TASK ITEM: Directions for the data below: repeat exactly the lines from the one with "Sectional Couch For" through the one with "Mindenét kiöntötte: Az", both included, and omit all pictures.

MATERIAL FOR THIS EXERCISE:
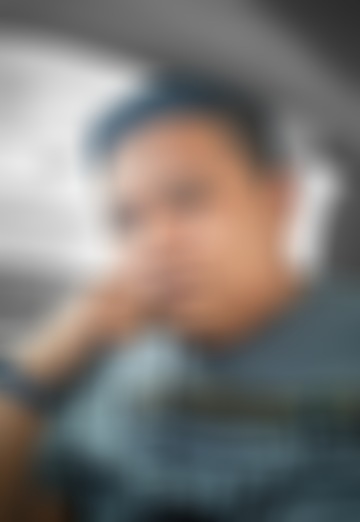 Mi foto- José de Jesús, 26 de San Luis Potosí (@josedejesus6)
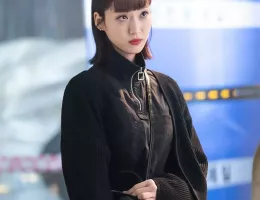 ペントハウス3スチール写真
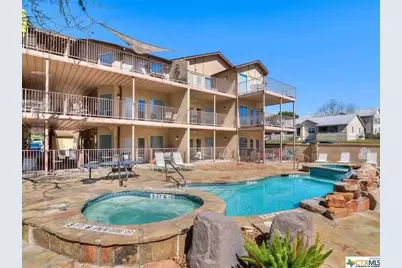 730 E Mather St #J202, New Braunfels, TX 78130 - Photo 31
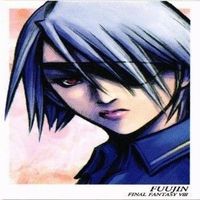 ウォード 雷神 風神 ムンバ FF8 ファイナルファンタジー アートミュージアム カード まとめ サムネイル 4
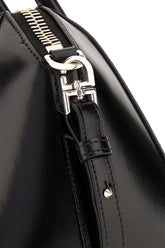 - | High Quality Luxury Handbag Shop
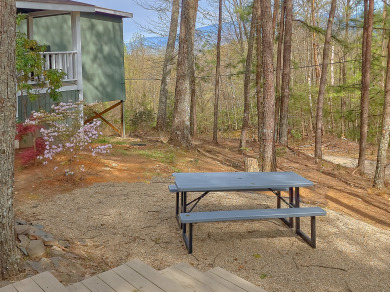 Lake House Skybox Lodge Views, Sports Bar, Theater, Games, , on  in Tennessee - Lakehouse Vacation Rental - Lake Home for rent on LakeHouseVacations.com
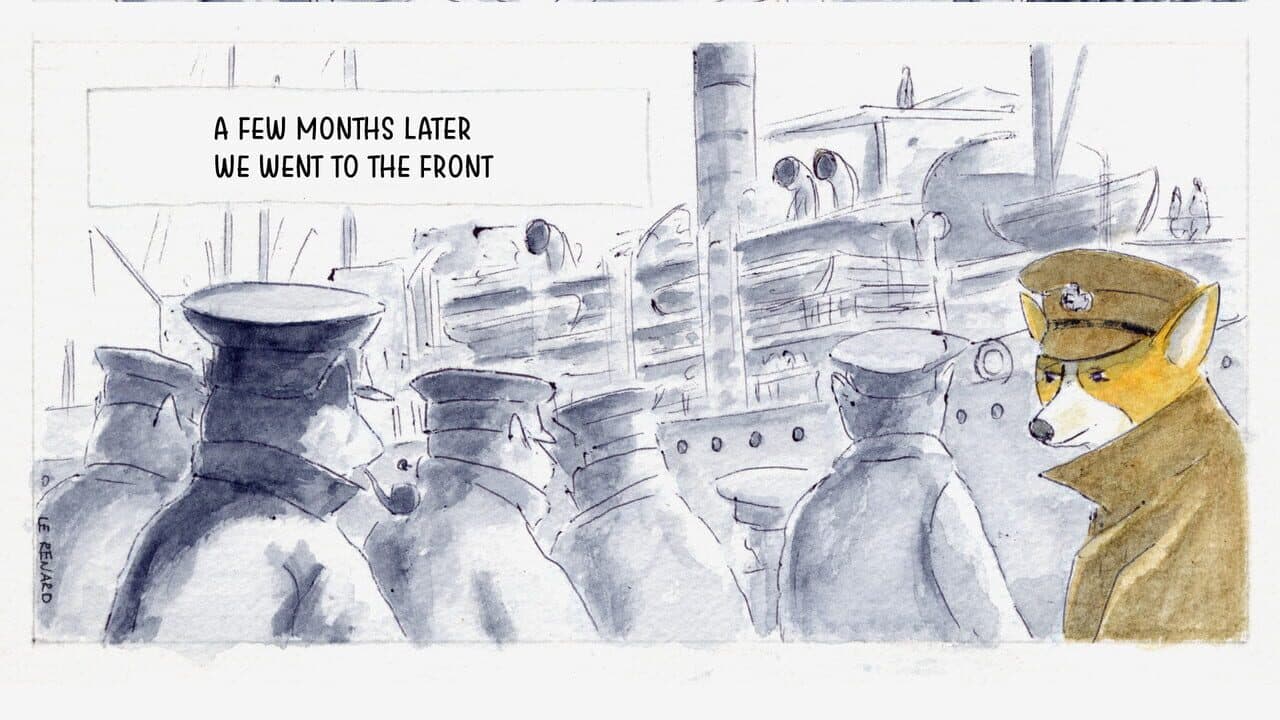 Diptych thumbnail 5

--

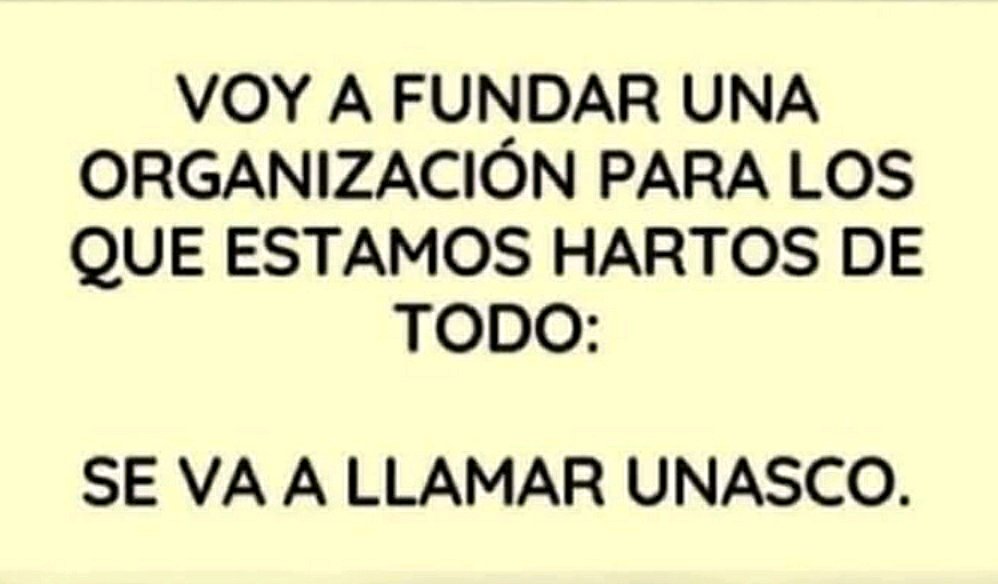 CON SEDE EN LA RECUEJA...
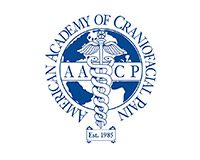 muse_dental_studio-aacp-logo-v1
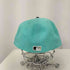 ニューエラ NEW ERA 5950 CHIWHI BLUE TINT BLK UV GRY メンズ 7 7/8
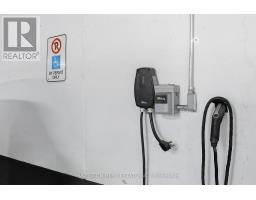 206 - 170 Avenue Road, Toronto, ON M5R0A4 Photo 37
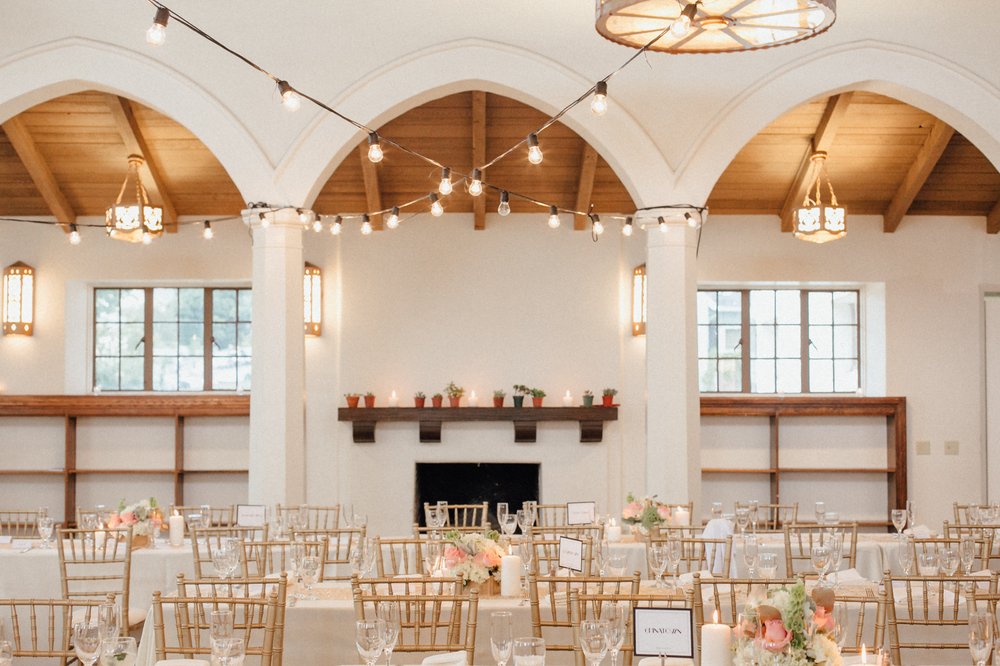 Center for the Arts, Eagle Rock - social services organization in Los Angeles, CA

--

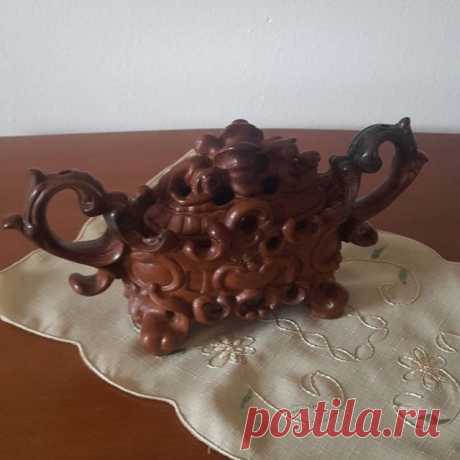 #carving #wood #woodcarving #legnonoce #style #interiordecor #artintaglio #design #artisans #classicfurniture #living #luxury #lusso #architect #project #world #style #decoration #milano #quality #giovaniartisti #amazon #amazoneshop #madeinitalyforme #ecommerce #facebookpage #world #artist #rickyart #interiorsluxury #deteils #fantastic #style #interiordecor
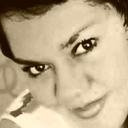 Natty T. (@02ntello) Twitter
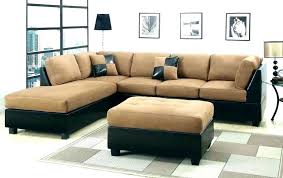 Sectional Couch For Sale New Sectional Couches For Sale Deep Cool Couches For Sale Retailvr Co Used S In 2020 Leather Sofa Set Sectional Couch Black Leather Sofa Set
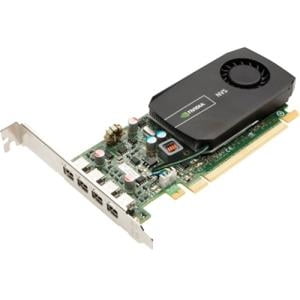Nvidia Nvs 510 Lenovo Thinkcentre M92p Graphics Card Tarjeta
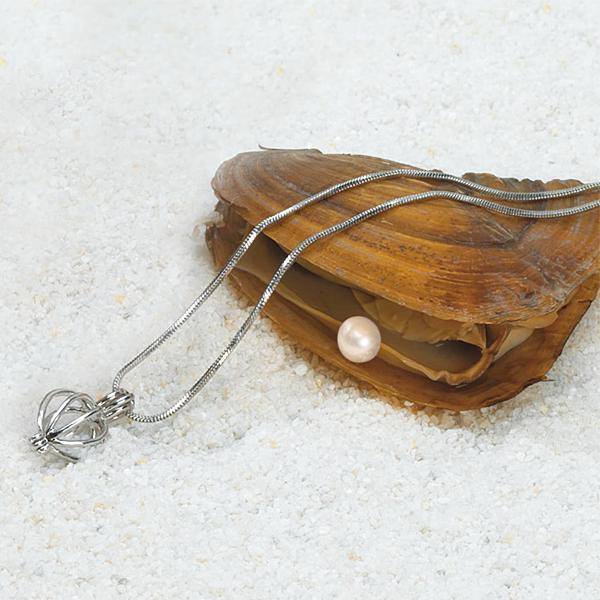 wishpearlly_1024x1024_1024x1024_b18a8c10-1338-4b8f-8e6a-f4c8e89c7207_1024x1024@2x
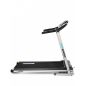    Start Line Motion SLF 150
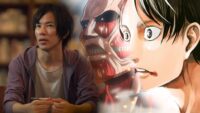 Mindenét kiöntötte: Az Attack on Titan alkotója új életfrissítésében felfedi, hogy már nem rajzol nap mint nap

EXERCISE OUTPUT:
 Sectional Couch For Sale New Sectional Couches For Sale Deep Cool Couches For Sale Retailvr Co Used S In 2020 Leather Sofa Set Sectional Couch Black Leather Sofa Set
Nvidia Nvs 510 Lenovo Thinkcentre M92p Graphics Card Tarjeta
 wishpearlly_1024x1024_1024x1024_b18a8c10-1338-4b8f-8e6a-f4c8e89c7207_1024x1024@2x
    Start Line Motion SLF 150
 Mindenét kiöntötte: Az Attack on Titan alkotója új életfrissítésében felfedi, hogy már nem rajzol nap mint nap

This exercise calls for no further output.